Retired admiral warns Wisconsinites that Trump is an existential threat to country

Retired Rear Adm. Michael E. Smith, September 19, 2012. (Wikimedia Commons)

In a press conference held at the Wisconsin State Capitol building in Madison on Jan. 4, retired Navy Rear Admiral Michael Smith warned that former President Donald Trump represents what he called an existential threat to the United States.

“The election that’s in 2024 is clearly not a traditional election where you are voting for the policies of one party against another,” Smith said. “Make no mistake: This year, democracy is on the ballot.”

Smith is the founder and president of the nonprofit National Security Leaders for America, which describes its mission as protecting democracy in the United States. 

During the press conference, Smith went on to note that it is an unwritten rule for retired members of the armed forces to be apolitical, but the threat that Trump and his “ultra-MAGA accomplices” poses compelled him to speak out. “Trump must never again be allowed in the Oval Office. No one who proposes suspending the Constitution should be anywhere in the chain of command, let alone have access to nuclear codes,” Smith said. 

Joining Smith at the event were representatives of the groups Wisconsin Democracy Campaign, the League of Women Voters (Wisconsin), and Souls to the Polls (Wisconsin).

Trump is the current front-runner for the Republican presidential nomination, ahead by a significant margin in public polling ahead of other Republican presidential candidates.

During his time as a political figure, Trump has often expressed support or admiration for dictatorial and authoritarian ideas and leaders.

In 2019, Trump was impeached by the House of Representatives on charges of improperly using the office of the presidency to obtain information from the government of Ukraine about his political opponents.

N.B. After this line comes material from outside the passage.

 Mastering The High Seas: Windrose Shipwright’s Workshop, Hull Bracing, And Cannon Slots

Two years later, Trump was again impeached by the House on a charge of incitement to insurrection after calling on his supporters to “fight like hell” before a mob  of them attacked the U.S. Capitol on Jan. 6, 2021. In both cases, the Republican-led Senate voted to acquit Trump.

In December 2022, Trump called for the “termination” of the U.S. Constitution while repeating the lie that his loss to President Joe Biden in the 2020 election was a result of “massive fraud.”

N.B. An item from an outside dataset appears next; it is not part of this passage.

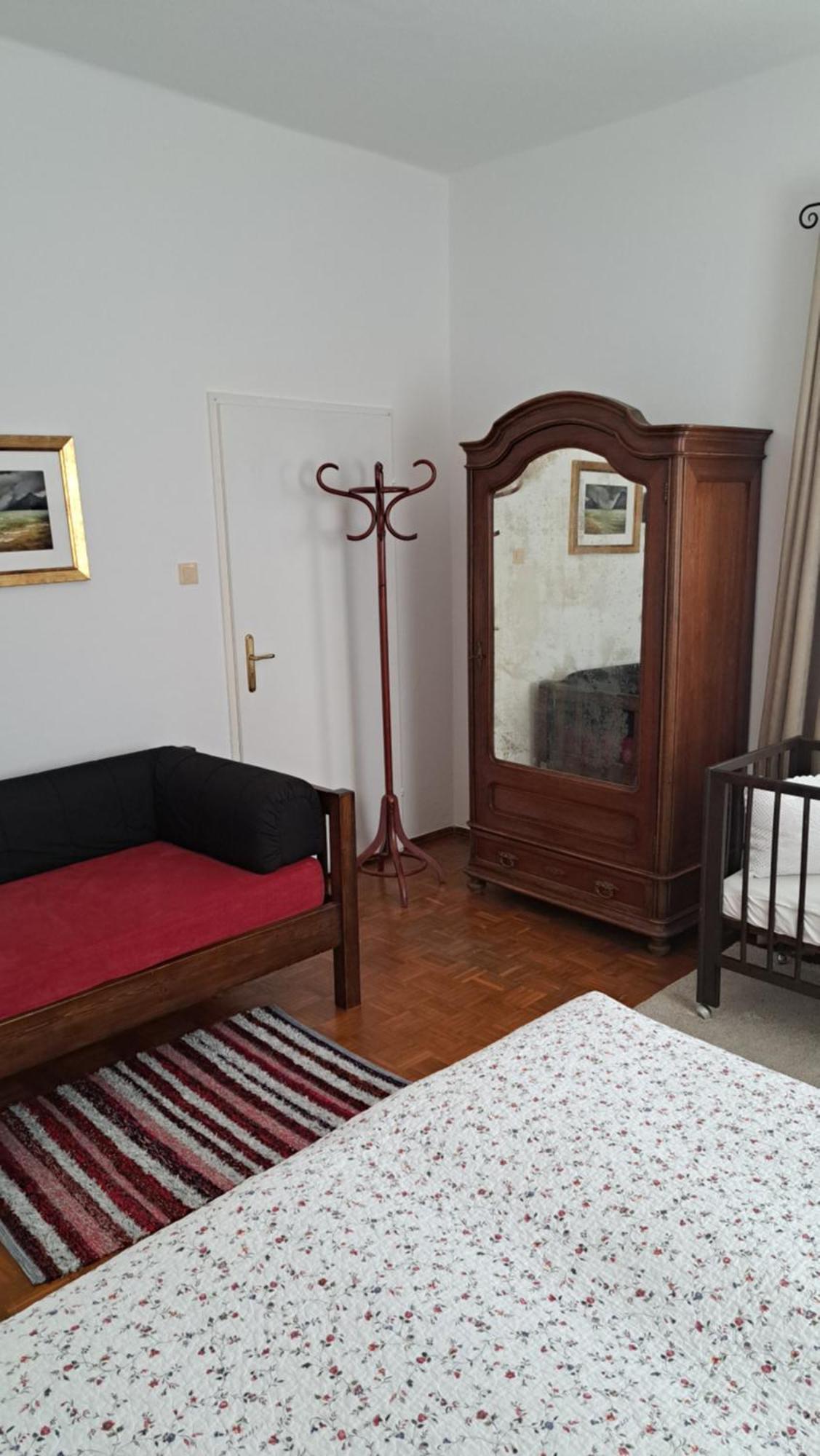 Апартаменты Am Baalstein Траункирхен Экстерьер фото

Trump is also facing criminal charges in Georgia and at the federal level connected to his efforts to overturn the legal result of the election.

Trump referred to his political opponents as “vermin” in a campaign speech on Nov. 12, 2023, using rhetoric that historians have compared to speeches delivered by Adolf Hitler and Benito Mussolini.

Those comments were followed by a December 2023 interview with Fox News personality Sean Hannity during which Trump said he would not act as a dictator “other than day one” if he won another term as president.

Biden launched his successful 2020 campaign by contrasting his respect for the democratic process with Trump’s authoritarian stance, which he described as a “battle for the soul of America.” As president, Biden has criticized conspiracy theories about the electoral system and called on the public to reject Trump-backed candidates who say the 2020 election was stolen from him.

Biden and his reelection campaign have indicated that he views the upcoming campaign as a contest between democracy and authoritarianism.